London has long been a city of two 'ends': the affluent, elegant West End and the gritty, industrious East End. To some extent, this divide came about naturally over time. But early town planning also had a part to play. In particular, the efforts of one man: the brilliant architect, John Nash.
Many of his building may now be gone, but Nash's imprint on London is indelible. He was responsible for transforming Marylebone Park (Henry VIII's old hunting ground) into Regent's Park, and laying out the elegant terraced housing that edges it. He created the long curve of Regent's St, topped and tailed by Oxford Circus and Piccadilly Circus, and, in doing so, established one of Europe's most prestigious shopping areas. He remodelled Buckingham Palace and was the original designer of Trafalgar Square. His genius lies not just in the beauty of his buildings and the grandness of his vision but in the fact that he made it happen at all.

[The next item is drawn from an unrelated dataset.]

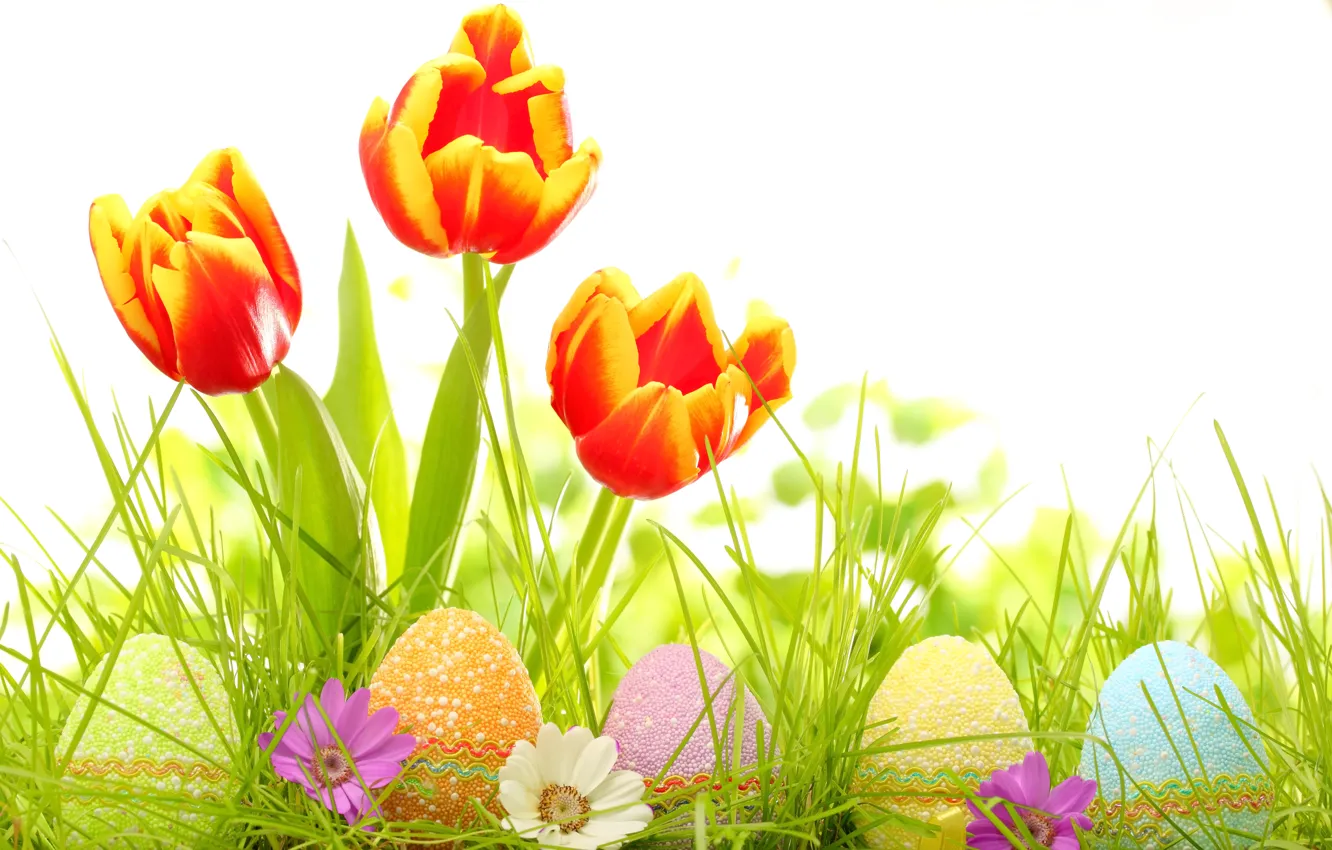Photo wallpaper grass, flowers, eggs, spring, Easter, tulips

The idea of 'planning' London was nothing new in the Georgian period. After the Great Fire, Christopher Wren had tried, and failed, to impose order on the rebuilding of the capital. But he was thwarted by the jumble of shops and houses that soon sprang up again on the old medieval street plan. By the late Georgian period, London's architecture and layout were conspicuously failing to reflect the city's growing in importance on the world stage. It was increasingly crowded and smelly, with the rich of Mayfair rubbing shoulders with the poor and disreputable of Soho. There was a growing feeling that something had to be done.
The Prince Regent (later George IV) appointed three architects to plan what he called his 'improvements'. The most influential of these was his close friend, Nash, who had made his name in Wales building fine country houses in the 'picturesque' style for wealthy and influential clients.
This apprenticeship served him well in London. His skill at mixing styles, yet making everything sit effortlessly in its setting, suited London's eclectic nature. And his good connections proved invaluable in the shrewd property speculation that was needed to fund the Prince's 'improvements'.
But perhaps the most lasting legacy of Nash's work is the way his grand ceremonial route from St James's Park in the south to Regent's Park in the north cut a slice through London, separating the rich from the poor. This was no accident. Nash himself said he wanted to create a line 'between the streets and squares occupied by Nobility and Gentry' and 'the narrow Streets and meaner houses occupied by mechanics and the trading part of the community'.
His original plan was never fully completed. Some parts were built by other architects, adding their own stamp in the process. And even those parts he did complete have struggled to survive: on Regent's St, All Soul's Church is the only Nash original still standing. But his place as London's – if not England's – most influential town planner is impossible to deny.